Despite its deep surface, this game feels shallow.

So the six magic orbs must be located and their power mustered by the descendant of the Legendary Hero before the Dark Bishop can be defeated and…. Yeah, I’ve heard this all before. The story is a little flat.

That’s why the king of this kingdom has decided to upgrade everything to 3D. He has realized that players have graduated beyond the two-dimensional pixelated heroes and monsters that have filled role-playing games for decades. Nowadays gamers want isometric angles, vector shading and real-time lighting. They want to climb skyscraping mountains, delve into deep dungeons and battle towering beasts.

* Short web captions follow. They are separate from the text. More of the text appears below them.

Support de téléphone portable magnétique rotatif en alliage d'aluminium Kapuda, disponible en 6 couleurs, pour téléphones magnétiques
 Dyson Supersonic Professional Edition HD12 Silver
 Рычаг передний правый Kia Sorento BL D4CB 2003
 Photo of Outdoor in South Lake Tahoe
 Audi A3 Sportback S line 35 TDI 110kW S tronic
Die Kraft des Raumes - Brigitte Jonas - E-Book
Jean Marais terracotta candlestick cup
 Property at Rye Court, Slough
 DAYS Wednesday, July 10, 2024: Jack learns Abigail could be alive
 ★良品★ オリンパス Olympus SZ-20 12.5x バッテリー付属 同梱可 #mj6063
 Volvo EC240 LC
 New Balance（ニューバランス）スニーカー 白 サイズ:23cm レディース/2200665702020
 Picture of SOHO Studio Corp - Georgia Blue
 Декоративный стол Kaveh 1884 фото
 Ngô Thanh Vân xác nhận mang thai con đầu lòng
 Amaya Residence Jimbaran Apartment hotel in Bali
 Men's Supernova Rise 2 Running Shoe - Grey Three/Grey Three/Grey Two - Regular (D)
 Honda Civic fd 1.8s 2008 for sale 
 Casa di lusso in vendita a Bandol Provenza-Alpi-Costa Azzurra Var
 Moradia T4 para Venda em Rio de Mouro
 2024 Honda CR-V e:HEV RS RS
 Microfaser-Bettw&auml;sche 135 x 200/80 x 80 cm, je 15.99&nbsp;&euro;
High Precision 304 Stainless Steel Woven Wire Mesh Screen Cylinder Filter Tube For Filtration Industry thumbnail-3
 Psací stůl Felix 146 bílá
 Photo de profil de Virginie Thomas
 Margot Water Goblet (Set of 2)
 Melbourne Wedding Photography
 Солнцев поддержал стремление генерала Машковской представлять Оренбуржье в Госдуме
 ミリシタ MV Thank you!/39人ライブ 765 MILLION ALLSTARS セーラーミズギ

And so the king has puffed up his pixelated kingdom into a 3D version of itself. Landscape, monsters and citizens alike are now built up of colored blocks, their pixels having expanded into three dimensions. Looking like they were assembled from Legos, they are now capable of turning and displaying their stair-stepped contours all around.

This style could have easily become perplexing, with the flat colored surfaces melding together. But the designers have wisely clarified the graphics. Floors in most of the dungeons reflect whatever is standing upon them, letting the player see the characters from multiple views. Sharp directional lighting keeps the corners defined. And objects standing in the foreground and background are blurred out of focus rather than being allowed to blend together on the same plane.

It’s an ingenious method of filling out the characters while keeping them flat, and it’s a shame that the same inventiveness wasn’t applied to the game’s storyline and action. 3D Dot Game Heroes takes almost all of its cues from the Zelda playbook, with temples filled with sliding blocks, grass that can be cut with a sword, and various hopping, dashing and arrow-shooting monsters. I like Zelda enough, but Zelda and its many sequels already exist — no clone is needed.

3D Dot Game Heroes isn’t even interested in exploring the game-changing possibilities of its visual style. Instead, it sticks to puzzles that would have worked in any two-dimensional game, ignoring the possibilities of combining 2D and 3D logic like Super Paper Mario and Crush did. And unlike other games with retro-hip style like Viewtiful Joe and Holy Invasion of Privacy, Badman!, which wink at their vintage roots and sport a sly sense of humor about themselves, 3D Dot Game Heroes is a solemn, generic RPG. Instead of spoofing or celebrating the clichés of the genre, it takes them seriously.

THE GOOD: The game gives players plenty of opportunity to mess around with the 3D pixelated style. The model used for the main character can be changed at will, and because players can design their own character models, there is no limit to the wackiness that can be placed at the center of the game.

THE BAD: The game’s soundtrack is made up of the pinging and chiming digital tones that filled classic RPGs of the Super Nintendo era. But these compositions are insipid and utterly unhummable. If the whole game is essentially a Zelda clone, the least they could have done was mimic that game’s jaunty heroic theme tune.

THE BOTTOM LINE: Despite its deep surface, 3D Dot Game Heroes feels shallow.